As we endeavor to build our research capacity and infrastructure throughout the state, we are mindful that sustainability is a vital component of our work. Humans aren’t often thought of as “infrastructure,” but they are essential to the operation of a true, multi-institution, multi-disciplinary data science research center, which is what we are creating with DART. We need our citizens to keep working toward and improving upon the goal to sustain it, so we must make sure we are inspiring our younger citizens to explore data science.   That can be intimidating to some students, many of whom don’t believe they are capable of or even interested in data science. 

Unfortunately, there are essential foundations that many students are missing, which makes it more difficult for them to study data science in college. In our experience, for example, students enter college without adequate math skills (specifically calculus) to pursue a degree in data science. That is why we decided to implement these hands-on games and activities for the students.
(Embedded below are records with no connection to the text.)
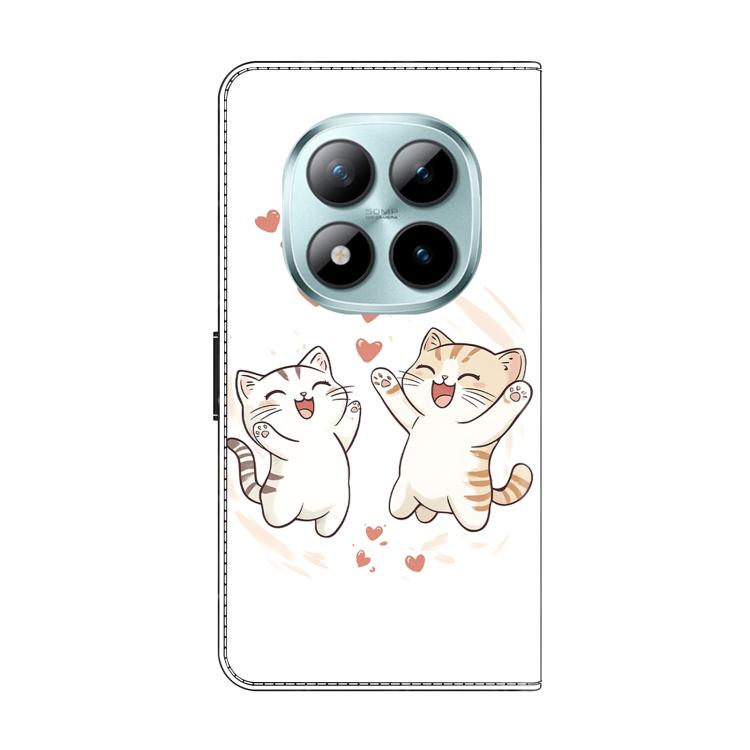 For Redmi Note 15 Pro 5G Global 163.6mm Crystal-Like Painted Vegan Leather Phone Case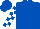 Silk - Royal blue, white horse, royal blue and white blocks on slvs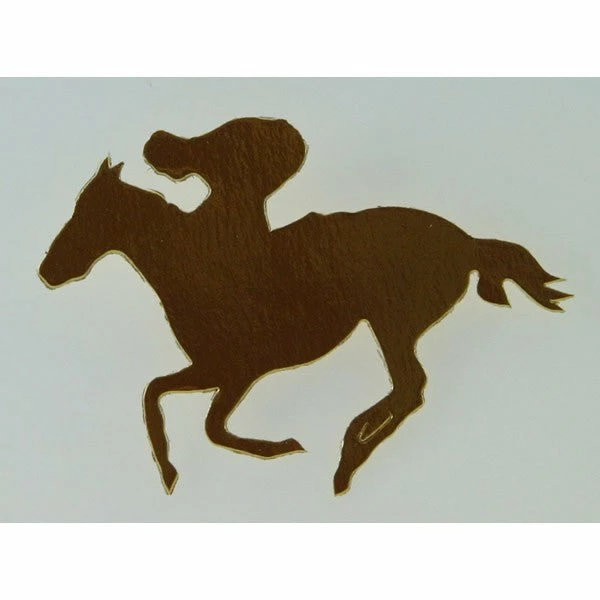 Not Specified Horse And Rider Gold Cutoutsi 10cm Pack Of 12 Melbourne Cup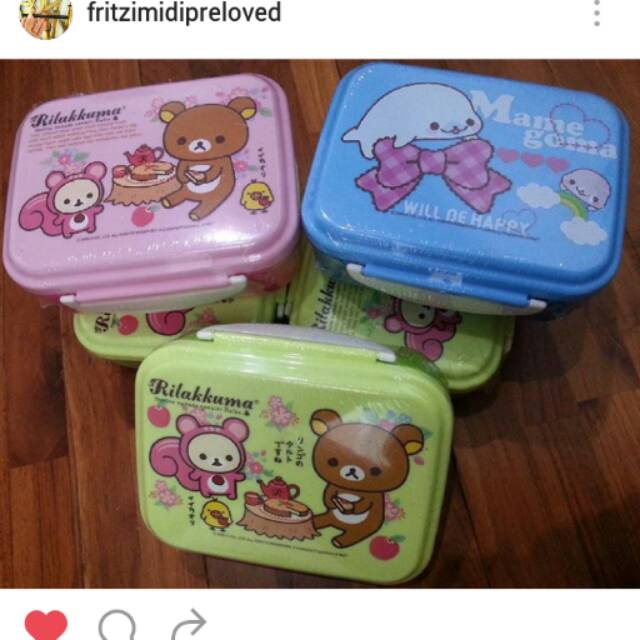Tempat Bekal Rilakkuma / Mamegoma
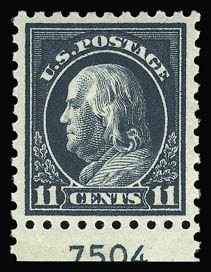 Sale 930, Lot 2516, 1913-15 Washington-Franklin Issues (Scott 424-461)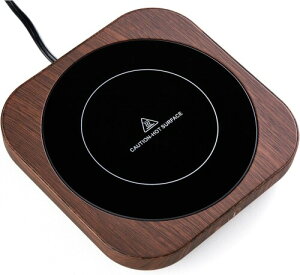 ポカロティー カップウォーマー 保温コースター マグウォーマー 卓上用ウォーマー 木目 3段階温度設定 4時間自動電源オフ 保温プレート コーヒー 牛乳 紅茶 ココア ドリング 飲み物 飲
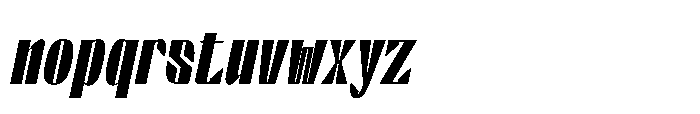 Valenroy Extra Bold Condensed Italic Font LOWERCASE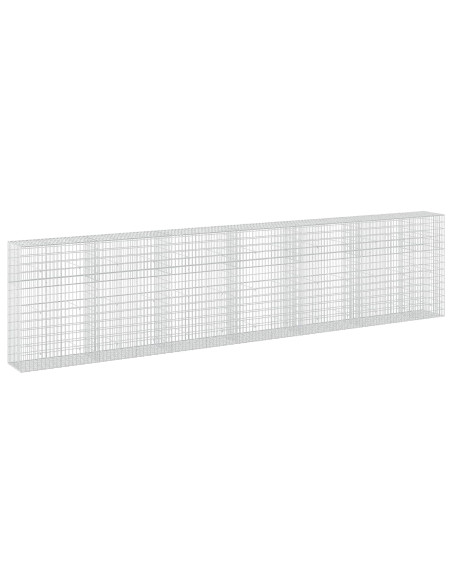 Gabione con Filo da 3,5 mm e Rete da 5x10 cm 650x50x150 cm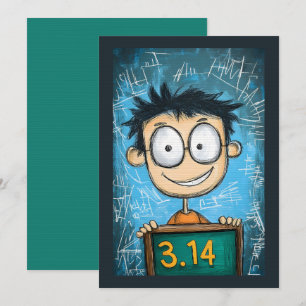 Invitación El divertido Genius Pi Day en acción Personalizado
Our goal was to have several fun, interactive activities and games for students that made basic data science principles accessible to them, no matter their initial level of comfort with the concept of “data science.” In order to make it as engaging as possible and to demonstrate that data science is NOT computer science, we purposely created activities that used no technology. For example, the most popular activity involved students sorting random dollar-store objects into categories of their choosing, which enabled us to discuss concepts such as attributes, and ultimately algorithms. The students were clearly amazed with themselves when we illustrated that they were literally doing data science.

We feel that building K12 students’ confidence in their own abilities is key to fostering their sense of what is possible, which will hopefully steer more of them toward a degree in data science, thus ensuring sustainability of our human “infrastructure.”